## TO DO
Go to the line containing "68 Pcs Building" in the records below and print it and every following line exactly, on through the line containing "Punta Prima - Torrevieja", then stop.

*** RECORDS TO PROCESS Section Begins ***

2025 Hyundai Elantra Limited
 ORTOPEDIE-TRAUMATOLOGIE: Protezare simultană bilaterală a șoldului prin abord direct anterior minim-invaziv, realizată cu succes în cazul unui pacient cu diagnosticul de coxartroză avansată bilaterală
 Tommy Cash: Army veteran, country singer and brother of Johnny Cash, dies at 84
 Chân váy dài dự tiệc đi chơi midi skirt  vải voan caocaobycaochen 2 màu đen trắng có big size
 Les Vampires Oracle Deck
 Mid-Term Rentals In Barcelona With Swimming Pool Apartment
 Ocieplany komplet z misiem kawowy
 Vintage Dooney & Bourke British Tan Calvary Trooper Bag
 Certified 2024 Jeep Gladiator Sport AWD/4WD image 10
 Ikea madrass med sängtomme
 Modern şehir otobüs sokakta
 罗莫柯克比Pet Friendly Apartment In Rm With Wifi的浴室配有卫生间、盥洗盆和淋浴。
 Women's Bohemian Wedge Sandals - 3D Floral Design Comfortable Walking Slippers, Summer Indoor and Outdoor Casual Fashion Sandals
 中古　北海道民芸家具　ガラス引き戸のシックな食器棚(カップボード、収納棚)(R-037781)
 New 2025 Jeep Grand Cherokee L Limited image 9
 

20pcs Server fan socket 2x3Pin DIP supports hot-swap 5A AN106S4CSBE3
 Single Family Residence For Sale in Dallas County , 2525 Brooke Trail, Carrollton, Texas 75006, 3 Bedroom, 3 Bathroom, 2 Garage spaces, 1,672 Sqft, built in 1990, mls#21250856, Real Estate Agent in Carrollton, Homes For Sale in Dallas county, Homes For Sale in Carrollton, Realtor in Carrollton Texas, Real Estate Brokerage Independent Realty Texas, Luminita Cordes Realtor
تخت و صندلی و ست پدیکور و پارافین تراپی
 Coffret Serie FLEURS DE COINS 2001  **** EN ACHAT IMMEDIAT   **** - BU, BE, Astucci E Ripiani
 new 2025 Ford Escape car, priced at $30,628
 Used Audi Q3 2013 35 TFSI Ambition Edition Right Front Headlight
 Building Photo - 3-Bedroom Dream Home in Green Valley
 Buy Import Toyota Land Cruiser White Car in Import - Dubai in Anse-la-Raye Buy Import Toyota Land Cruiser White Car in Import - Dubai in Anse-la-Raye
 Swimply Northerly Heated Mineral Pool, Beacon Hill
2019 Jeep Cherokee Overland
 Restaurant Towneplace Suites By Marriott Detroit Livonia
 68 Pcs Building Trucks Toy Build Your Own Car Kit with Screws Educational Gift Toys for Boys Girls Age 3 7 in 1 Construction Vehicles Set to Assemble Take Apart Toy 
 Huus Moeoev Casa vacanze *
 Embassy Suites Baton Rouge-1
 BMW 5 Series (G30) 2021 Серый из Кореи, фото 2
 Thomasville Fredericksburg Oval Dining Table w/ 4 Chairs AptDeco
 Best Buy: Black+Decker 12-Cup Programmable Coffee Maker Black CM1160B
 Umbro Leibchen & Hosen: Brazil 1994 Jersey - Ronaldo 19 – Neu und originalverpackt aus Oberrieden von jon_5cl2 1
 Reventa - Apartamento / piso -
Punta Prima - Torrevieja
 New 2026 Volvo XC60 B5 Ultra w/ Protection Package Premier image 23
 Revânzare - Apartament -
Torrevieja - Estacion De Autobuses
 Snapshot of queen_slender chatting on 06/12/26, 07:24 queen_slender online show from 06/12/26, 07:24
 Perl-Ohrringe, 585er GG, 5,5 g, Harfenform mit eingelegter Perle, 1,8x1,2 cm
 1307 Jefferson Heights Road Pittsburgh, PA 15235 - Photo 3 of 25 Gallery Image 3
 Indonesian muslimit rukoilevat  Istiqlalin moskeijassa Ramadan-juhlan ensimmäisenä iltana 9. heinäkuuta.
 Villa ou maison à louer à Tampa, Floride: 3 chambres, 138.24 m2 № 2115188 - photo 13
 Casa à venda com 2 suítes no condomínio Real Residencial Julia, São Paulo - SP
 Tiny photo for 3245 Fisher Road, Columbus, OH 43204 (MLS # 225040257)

*** RECORDS TO PROCESS Section Ends ***

## RESULT
 68 Pcs Building Trucks Toy Build Your Own Car Kit with Screws Educational Gift Toys for Boys Girls Age 3 7 in 1 Construction Vehicles Set to Assemble Take Apart Toy 
 Huus Moeoev Casa vacanze *
 Embassy Suites Baton Rouge-1
 BMW 5 Series (G30) 2021 Серый из Кореи, фото 2
 Thomasville Fredericksburg Oval Dining Table w/ 4 Chairs AptDeco
 Best Buy: Black+Decker 12-Cup Programmable Coffee Maker Black CM1160B
 Umbro Leibchen & Hosen: Brazil 1994 Jersey - Ronaldo 19 – Neu und originalverpackt aus Oberrieden von jon_5cl2 1
 Reventa - Apartamento / piso -
Punta Prima - Torrevieja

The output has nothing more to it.